For a while, Jason Hart of Manchester, England, believed that crime could pay. He sold a number of items on eBay, including 20 Xboxes, mobile phones, and tickets to the Ryder Cup, concerts, and other events. All in all, he made £23,500 (about $36,000) between September 2006 and April 2007.
That’s a profitable venture. Very profitable, in fact, since he never sent the buyers any of the items he sold. When those buyers pursued him for the goods, he came up with a string of excuses, the BBC reports, the ultimate of which was calling the local paper, posing as his father, to say Jason Hart had died. Finally complaints by customers to the police prompted an investigation, and authorities worked with eBay.
Now it’s all come back to haunt him, as he pleaded guilty to conspiracy to commit fraud, with the additional sting of perjury for telling a court his mother had died. He received six months in jail for the lie and another 18 months for the fraud.
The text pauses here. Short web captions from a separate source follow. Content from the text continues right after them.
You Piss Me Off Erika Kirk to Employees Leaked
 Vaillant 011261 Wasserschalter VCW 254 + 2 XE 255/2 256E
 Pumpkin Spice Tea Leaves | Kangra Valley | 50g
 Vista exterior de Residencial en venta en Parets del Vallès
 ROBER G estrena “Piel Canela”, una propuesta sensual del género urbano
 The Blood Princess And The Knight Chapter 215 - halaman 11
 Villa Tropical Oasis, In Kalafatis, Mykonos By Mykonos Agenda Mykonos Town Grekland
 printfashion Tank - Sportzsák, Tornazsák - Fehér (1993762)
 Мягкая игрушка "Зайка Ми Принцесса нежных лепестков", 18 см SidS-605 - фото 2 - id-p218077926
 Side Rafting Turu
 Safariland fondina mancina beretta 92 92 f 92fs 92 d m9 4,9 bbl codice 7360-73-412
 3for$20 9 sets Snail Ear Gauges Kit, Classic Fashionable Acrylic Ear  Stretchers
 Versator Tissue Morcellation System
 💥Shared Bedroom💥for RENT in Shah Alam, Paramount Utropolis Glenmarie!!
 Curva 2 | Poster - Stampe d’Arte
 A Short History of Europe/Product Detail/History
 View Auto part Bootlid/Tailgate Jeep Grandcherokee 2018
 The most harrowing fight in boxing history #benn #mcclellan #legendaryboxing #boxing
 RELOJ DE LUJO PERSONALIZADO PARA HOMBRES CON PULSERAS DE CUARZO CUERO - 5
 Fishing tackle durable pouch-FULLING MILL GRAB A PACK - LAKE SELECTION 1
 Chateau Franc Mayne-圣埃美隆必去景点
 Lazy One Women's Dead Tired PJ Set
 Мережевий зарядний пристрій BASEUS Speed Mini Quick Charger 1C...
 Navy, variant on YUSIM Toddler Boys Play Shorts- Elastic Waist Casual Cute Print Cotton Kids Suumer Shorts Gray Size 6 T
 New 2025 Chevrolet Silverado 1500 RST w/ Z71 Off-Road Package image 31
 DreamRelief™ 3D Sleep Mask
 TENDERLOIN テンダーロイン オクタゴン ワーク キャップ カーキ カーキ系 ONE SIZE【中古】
While pronouncing sentence, judge Mr Justice Everett told him:
"You put people off in that horrible, cynical fashion, showing just how capable you are of manipulative behavior in a dishonest way."
Hart’s girlfriend of the time had already pleaded guilty to acquiring criminal property for receiving gifts from Hart.
Richard Ambrose, head of Trust and Safety for eBay UK, said:
"The sentencing of Hart sends out a clear signal to sellers who try to defraud buyers on our site that they won’t get away with it.”